- [Exercise description]: Show all lines of the entries in which the word "Cascade" is found.

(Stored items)
○ ○ ○ ○ ○

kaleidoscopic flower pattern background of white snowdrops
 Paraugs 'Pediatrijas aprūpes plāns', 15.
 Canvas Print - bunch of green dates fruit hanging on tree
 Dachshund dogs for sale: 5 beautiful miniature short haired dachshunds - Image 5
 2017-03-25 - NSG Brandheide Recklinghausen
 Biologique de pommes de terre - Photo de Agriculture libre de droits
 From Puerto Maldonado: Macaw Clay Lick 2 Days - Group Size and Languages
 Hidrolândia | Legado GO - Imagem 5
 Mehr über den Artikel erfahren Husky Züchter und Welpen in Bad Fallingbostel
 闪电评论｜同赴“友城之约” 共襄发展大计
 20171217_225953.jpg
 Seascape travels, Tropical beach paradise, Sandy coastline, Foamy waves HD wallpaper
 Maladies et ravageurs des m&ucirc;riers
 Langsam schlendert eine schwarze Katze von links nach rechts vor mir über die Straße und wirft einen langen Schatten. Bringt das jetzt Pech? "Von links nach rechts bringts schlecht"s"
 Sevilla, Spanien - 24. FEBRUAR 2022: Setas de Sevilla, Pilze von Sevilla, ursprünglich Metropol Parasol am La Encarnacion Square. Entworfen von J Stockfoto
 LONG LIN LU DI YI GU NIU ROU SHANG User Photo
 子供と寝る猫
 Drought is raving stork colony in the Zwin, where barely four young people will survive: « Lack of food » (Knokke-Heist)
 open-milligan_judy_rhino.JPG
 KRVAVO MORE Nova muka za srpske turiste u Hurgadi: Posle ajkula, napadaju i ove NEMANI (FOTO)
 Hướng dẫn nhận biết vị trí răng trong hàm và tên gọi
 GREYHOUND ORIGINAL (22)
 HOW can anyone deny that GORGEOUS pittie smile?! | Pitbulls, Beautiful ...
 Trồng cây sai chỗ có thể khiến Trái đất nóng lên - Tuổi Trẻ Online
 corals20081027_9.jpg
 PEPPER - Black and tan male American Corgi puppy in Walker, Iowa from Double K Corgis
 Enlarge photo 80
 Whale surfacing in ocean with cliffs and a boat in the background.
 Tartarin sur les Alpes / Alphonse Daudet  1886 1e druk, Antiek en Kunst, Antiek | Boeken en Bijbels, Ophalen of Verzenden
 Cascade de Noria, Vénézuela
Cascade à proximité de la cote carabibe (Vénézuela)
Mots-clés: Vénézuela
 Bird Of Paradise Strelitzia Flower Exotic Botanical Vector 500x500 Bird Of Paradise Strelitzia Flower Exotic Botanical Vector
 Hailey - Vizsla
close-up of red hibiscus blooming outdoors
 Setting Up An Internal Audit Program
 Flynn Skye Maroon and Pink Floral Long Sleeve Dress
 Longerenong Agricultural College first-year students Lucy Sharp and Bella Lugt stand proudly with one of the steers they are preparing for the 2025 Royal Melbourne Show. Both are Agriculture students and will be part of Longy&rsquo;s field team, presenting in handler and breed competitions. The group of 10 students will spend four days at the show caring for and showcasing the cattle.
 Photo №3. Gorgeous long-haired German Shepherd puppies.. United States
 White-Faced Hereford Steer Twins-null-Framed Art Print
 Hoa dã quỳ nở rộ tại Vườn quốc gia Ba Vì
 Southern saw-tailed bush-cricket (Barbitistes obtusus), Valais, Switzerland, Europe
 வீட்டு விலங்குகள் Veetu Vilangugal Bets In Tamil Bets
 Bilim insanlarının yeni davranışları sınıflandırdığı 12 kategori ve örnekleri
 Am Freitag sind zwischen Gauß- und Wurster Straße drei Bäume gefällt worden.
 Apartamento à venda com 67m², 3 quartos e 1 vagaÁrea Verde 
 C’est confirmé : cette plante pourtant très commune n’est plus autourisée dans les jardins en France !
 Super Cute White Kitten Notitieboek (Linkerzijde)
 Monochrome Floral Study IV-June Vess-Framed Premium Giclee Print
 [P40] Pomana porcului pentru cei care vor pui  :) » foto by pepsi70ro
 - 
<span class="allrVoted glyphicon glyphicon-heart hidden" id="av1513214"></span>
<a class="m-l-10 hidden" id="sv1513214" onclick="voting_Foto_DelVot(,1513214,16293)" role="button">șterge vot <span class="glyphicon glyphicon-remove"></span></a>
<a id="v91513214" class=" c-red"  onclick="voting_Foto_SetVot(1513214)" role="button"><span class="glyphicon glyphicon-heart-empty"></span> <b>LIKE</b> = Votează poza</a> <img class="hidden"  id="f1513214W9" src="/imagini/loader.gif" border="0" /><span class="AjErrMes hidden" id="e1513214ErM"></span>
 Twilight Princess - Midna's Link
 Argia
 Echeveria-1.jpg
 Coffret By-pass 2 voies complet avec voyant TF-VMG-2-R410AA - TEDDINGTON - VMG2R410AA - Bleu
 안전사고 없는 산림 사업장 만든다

○ ○ ○ ○ ○

- [Exercise result]:
 Cascade de Noria, Vénézuela
Cascade à proximité de la cote carabibe (Vénézuela)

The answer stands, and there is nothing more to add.